Part of this self-discovery and teamwork came from opening up their writing sessions. While the album was executive produced by Joel Little, 'Conscious' sees the band collaborate with the likes of Captain Cuts, the writers behind Walk The Moon’s summer smash ‘Shut Up And Dance’, rising songwriter and Troye Sivan collaborator, Alex Hope, and big-haired pop sensation, Lorde.

There’s also a completely overblown and ridiculous power ballad that features 2016’s feature artist du jour, Tove Lo. “I can remember when we did it,” Caleb recalls. “We were at Neil Finn's recording studio and I was working on production for the Troye Sivan song we featured on. Georgia was just mucking around the studio and she was like, ‘Oh, I've written something.’ She played it to me and it was the start of 'Freak of Nature' and I was like, ‘Fuck!’ And we put it down then and there.”

Tove’s involvement came six months later after they all met at a festival and Georgia played her the song. “She recorded it in her hotel,” Caleb explains, clearly impressed. “We’ve listened to some of her new music,” Caleb tells me boastfully. “I think it’s going to change pop.”

Broods ft. Tove Lo - Freak Of Nature

"We’ve become a team on this album."

— Caleb Nott, Broods

Like Tove Lo, Caleb and Georgia are deeply aware of the mounting pressures in the current climate of music’s hit or miss, flop or success mentality. While there’s the pressure to succeed commercially, social media has opened up a plethora of other issues. “Not only is it such a heavy career with so much pressure on you, but it's also the way that creative people are to start with. Creative people have a different thought process. When you don't have the time or the room to look after yourself it can affect you,” Georgia says, a worryingly knowing statement for someone only two albums into their career. “You see how many amazing musicians have crumbled and taken their own lives because it's just so much.

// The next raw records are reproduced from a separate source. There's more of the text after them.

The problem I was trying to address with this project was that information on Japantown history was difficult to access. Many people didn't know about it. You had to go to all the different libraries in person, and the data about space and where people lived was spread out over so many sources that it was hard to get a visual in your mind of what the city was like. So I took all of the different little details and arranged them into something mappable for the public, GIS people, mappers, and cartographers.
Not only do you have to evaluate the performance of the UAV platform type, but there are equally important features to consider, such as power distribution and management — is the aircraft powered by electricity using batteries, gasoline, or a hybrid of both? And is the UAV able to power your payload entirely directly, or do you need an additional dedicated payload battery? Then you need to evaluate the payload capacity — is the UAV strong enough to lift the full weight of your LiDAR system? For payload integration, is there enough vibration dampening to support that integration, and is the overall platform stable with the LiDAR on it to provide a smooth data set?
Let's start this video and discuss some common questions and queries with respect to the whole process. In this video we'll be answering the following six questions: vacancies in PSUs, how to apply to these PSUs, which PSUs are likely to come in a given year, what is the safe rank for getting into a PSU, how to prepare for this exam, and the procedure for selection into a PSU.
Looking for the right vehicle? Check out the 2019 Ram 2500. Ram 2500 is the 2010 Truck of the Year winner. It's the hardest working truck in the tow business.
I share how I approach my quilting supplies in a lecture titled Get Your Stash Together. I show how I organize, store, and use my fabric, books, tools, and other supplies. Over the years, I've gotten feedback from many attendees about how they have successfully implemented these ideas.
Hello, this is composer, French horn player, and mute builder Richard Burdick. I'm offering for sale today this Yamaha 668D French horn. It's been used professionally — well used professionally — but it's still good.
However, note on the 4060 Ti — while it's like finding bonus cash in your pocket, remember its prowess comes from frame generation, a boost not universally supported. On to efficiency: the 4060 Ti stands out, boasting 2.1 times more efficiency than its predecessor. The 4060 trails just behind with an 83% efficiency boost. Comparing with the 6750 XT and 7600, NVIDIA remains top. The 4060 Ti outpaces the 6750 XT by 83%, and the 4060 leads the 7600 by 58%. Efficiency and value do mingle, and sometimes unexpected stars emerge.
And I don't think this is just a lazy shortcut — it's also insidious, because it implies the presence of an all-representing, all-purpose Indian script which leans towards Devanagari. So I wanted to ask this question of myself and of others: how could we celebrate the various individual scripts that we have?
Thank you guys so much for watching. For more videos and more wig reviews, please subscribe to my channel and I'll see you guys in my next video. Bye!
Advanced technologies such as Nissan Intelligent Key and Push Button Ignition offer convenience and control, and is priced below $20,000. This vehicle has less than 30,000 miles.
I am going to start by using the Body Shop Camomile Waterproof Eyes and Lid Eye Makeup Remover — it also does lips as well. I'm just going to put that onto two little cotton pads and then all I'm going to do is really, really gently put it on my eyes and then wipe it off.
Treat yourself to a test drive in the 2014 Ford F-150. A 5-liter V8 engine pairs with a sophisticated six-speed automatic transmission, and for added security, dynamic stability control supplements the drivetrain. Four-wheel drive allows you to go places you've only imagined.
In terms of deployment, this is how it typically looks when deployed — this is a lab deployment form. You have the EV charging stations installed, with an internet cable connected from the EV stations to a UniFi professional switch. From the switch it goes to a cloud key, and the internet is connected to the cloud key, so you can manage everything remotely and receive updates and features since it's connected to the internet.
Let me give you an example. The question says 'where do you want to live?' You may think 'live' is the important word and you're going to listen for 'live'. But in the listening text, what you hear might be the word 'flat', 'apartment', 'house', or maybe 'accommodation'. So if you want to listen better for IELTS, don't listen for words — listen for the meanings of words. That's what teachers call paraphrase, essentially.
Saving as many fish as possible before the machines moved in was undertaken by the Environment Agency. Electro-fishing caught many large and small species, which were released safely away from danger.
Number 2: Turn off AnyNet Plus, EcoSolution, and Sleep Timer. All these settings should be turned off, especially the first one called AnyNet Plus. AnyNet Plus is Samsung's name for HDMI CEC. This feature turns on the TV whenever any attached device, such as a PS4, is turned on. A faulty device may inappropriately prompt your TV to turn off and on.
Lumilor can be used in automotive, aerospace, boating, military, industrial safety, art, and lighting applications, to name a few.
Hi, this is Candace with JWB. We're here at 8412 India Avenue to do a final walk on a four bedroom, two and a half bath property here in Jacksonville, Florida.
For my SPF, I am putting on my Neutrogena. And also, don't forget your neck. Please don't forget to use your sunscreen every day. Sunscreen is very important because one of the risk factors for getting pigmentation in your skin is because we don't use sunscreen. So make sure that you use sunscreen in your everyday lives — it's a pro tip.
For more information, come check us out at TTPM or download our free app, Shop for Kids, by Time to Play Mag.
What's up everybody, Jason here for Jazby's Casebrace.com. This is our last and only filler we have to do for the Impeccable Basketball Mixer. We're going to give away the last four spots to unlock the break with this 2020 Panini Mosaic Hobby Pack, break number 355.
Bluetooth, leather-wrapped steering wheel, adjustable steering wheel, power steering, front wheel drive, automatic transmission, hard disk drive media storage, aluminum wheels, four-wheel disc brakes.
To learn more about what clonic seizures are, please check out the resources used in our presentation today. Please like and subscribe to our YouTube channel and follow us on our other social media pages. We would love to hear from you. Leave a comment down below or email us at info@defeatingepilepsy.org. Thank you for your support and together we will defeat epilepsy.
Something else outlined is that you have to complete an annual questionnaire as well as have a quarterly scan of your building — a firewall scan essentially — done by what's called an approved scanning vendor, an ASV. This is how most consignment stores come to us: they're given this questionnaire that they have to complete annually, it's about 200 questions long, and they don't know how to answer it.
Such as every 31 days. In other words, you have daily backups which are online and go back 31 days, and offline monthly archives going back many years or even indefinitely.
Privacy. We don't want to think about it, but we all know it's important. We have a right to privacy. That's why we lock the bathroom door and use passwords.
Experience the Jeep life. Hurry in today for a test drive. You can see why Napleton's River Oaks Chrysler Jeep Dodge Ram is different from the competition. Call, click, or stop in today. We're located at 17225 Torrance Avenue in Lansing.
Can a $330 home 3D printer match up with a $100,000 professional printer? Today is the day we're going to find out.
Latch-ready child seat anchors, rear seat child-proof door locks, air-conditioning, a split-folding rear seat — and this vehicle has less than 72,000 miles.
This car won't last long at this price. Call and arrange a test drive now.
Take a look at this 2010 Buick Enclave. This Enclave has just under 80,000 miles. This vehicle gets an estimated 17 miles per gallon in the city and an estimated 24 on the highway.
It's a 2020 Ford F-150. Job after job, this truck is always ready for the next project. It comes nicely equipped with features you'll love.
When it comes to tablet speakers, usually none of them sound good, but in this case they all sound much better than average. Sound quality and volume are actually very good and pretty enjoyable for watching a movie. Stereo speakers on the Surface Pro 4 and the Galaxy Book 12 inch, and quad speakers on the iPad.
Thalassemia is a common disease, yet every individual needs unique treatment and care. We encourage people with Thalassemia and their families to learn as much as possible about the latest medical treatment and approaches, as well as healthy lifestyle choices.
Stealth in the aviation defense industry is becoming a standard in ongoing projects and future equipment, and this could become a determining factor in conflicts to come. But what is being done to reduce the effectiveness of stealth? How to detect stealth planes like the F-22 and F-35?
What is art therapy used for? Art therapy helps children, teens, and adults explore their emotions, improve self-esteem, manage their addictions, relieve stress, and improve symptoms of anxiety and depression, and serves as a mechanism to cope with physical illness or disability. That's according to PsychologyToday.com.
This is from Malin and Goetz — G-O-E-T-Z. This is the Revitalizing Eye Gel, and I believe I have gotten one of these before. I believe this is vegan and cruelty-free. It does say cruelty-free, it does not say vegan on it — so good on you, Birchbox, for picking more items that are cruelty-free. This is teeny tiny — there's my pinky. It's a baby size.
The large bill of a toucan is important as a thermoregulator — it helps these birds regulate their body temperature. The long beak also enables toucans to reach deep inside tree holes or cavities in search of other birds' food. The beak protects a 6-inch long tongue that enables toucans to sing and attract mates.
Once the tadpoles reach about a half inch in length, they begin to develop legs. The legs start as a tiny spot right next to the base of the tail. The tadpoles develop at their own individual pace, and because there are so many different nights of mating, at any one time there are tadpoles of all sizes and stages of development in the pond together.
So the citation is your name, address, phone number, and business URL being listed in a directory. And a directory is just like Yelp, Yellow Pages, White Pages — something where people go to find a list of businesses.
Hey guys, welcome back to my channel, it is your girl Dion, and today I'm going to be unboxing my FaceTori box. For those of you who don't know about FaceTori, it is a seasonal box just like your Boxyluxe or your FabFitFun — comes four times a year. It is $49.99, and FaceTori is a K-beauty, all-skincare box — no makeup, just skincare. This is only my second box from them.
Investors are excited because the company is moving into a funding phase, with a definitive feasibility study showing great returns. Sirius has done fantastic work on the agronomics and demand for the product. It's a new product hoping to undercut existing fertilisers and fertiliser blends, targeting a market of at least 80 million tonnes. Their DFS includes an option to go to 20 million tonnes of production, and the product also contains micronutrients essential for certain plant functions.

People see this body, this voice and music, but they don't think about the person underneath.”

“The thing that drives me nuts these days is that people don't even want to talk to artists,” Caleb continues. “They don't want to talk to you, they just want a photo with you. That's it. I totally understand Bieber’s reluctance to take photos.”

That’s not to say that the pair are constantly hassled by fans. Rather, they’re close to their supporters, a relationship Georgia puts down to the honesty of their music, with songs like ‘Bedroom Door’ and ‘Worth The Fight’ reminding listeners why they fell for the pair in the first place. “This album deals with a lot of personal stuff I feel that people should be able to talk about,” she says. “Because of that you kind of attract honest fans that really appreciate that vulnerable side to you. I think it's just important for people to be open about that kind of shit and it makes a better relationship with you and your fans.”

On a roll, she continues: “We wanted to make something, a song and an album, that had some essence to it, that was addressing things that aren't addressed in pop music that much. I can't stand songs that are about nothing, because I'm a lyricist. All the songs I connect to are the heavy songs about dark things. Really hard hitting lyrical content. Yeah, it's pop music, but it's got something more. You can hear in the album there's not one song about going to 'the club'. I never fucking say ‘club’. Some people do get a lot out of those songs, but I'm just not one of them. I feel like there's enough of that out there, I don't need to add to the club songs.

“I really like the connection that gets made when people listen to the music when it's personal,” she adds. “That's the most rewarding thing when someone tells you exactly where they're coming from. It's probably the biggest satisfaction you can get as an artist as I understand it."

Broods’ new album ‘Conscious’ is out now via Island Records.